CAIRO (Reuters) ? Egyptian riot police and protesters observed a truce Thursday after violence that has killed 39 people in five days and the army said parliamentary elections would start on time next week.
Demonstrations by thousands of Egyptians furious at the slow transfer of power by military leadership to civilian rule have led to violent clashes with police, in scenes similar to the popular uprising that toppled leader Hosni Mubarak in February.
Protesters have vowed not to leave Cairo's central Tahrir Square, which once again has become the cradle of public protest in the most populous Arab country, until army rule ends.
The demonstrations appear to have polarized Egyptians, many of whom worry that unrest will prolong economic stagnation.
In new blows to confidence, the Egyptian pound weakened to more than 6 to the dollar for the first time since January 2005, and Standard & Poor's lowered its rating on Egypt.
The agency cut Egypt's long-term, foreign- and local-currency sovereign credit ratings to B+ from BB-, saying a "weak political and economic profile" had worsened further.
Egypt's ruling army council said it was doing all it could to prevent more violence. In a statement, it apologized, offered condolences and compensation to families of the dead, and promised a swift investigation into who was behind the unrest.
NO ELECTION DELAY
A ruling council member, General Mamdouh Shaheen, told a news conference the parliamentary vote, whose first stage is due to begin Monday, would go ahead on time. "We will not delay elections. This is the final word," he said.
Another council member, Major-General Mokhtar al-Mullah, took a swipe at the demonstrators. "If we look at those in Tahrir, regardless of their number, they do not represent the Egyptian people, but we must respect their opinion," he said.
Mullah said the army hoped to form a new government before Monday to replace Prime Minister Essam Sharaf's cabinet, which resigned during this week's violence without giving a reason.
Demonstrators in Tahrir said the truce had taken hold from midnight. Cranes hauled concrete barriers, later reinforced with barbed wire, across streets leading to the nearby Interior Ministry, flashpoint for much of the recent violence.
"Since about midnight or 1 a.m. there were no more clashes. We are standing here to ensure no one goes inside the cordon," said Mohamed Mustafa, 50, among a group barring a street nearby.
They were guarding a barricade made of a broken metal fence, a telephone booth laid on its side and part of a lamp post.
At the other end of the street, littered with shattered glass, lumps of concrete and heaps of rubbish, at least two army armored personnel carriers blocked the route. Mustafa's group said police were on the front line, and behind them the army.
Lines of Tahrir protesters manned similar barriers to block access to Mohamed Mahmoud Street, scene of repeated fighting.
"We have created a space separating us from the police. We are standing here to make sure no one violates it," said Mahmoud Adly, 42, part of a human cordon four ranks deep.
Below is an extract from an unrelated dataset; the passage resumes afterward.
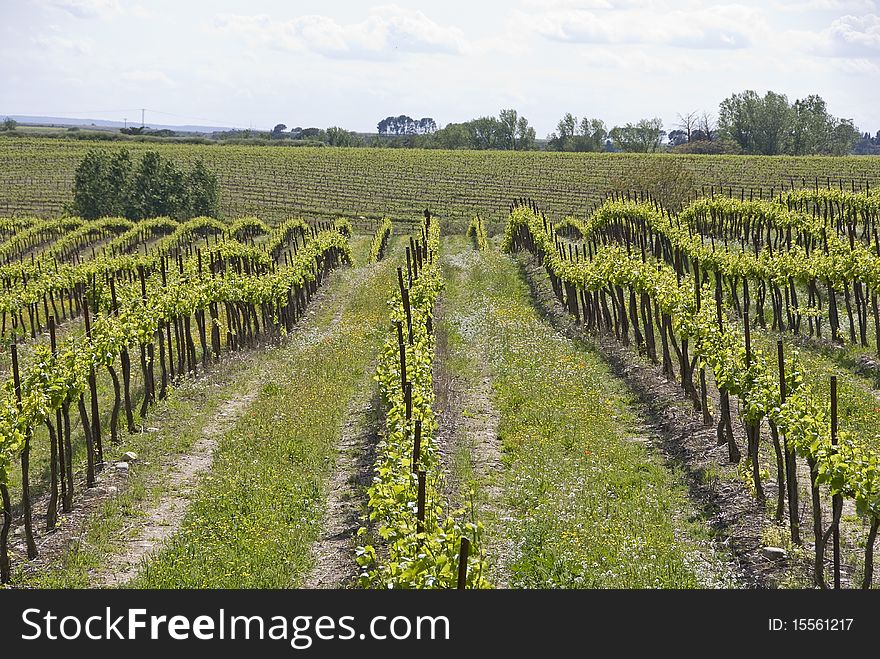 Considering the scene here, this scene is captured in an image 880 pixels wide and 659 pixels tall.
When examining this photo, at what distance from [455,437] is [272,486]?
12.2 feet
The protests in Cairo and elsewhere pose the gravest challenge to Egypt's army rulers since they took over from Mubarak, overthrown on February 11 after an 18-day uprising.
The thousands who thronged Tahrir Square were undeterred in their determination to rid Egypt of army rule. "He goes, we won't," declared a banner referring to the army commander, Field Marshal Mohamed Hussein Tantawi.
The United States and European nations, alarmed at the violence of the past few days, have urged Egypt to proceed with what has been billed as its first free vote in decades.
LACK OF TRUST
The army and the Muslim Brotherhood, which expects to do well in the polls, say it must go ahead, but many protesters do not trust the military to oversee a clean vote. Some scorn the Brotherhood for its focus on gaining seats in parliament.
The military council originally promised to return to barracks within six months, but then set a timetable for elections and drawing up a new constitution that would have left it in power until late next year or early 2013.
Tantawi pledged this week to hold a presidential vote in June that could pave the way for a transfer to civilian rule, but the demonstrators, angered by army attempts to shield itself legally from future civilian control, are unconvinced.
"The military council must leave and hand power to civilians. They don't want to leave so that their corruption isn't exposed," said 23-year-old student Ahmed Essam.
Before the truce, protesters had fought running battles with security forces around the Interior Ministry. The bloody chaos there contrasted with normal life in streets nearby.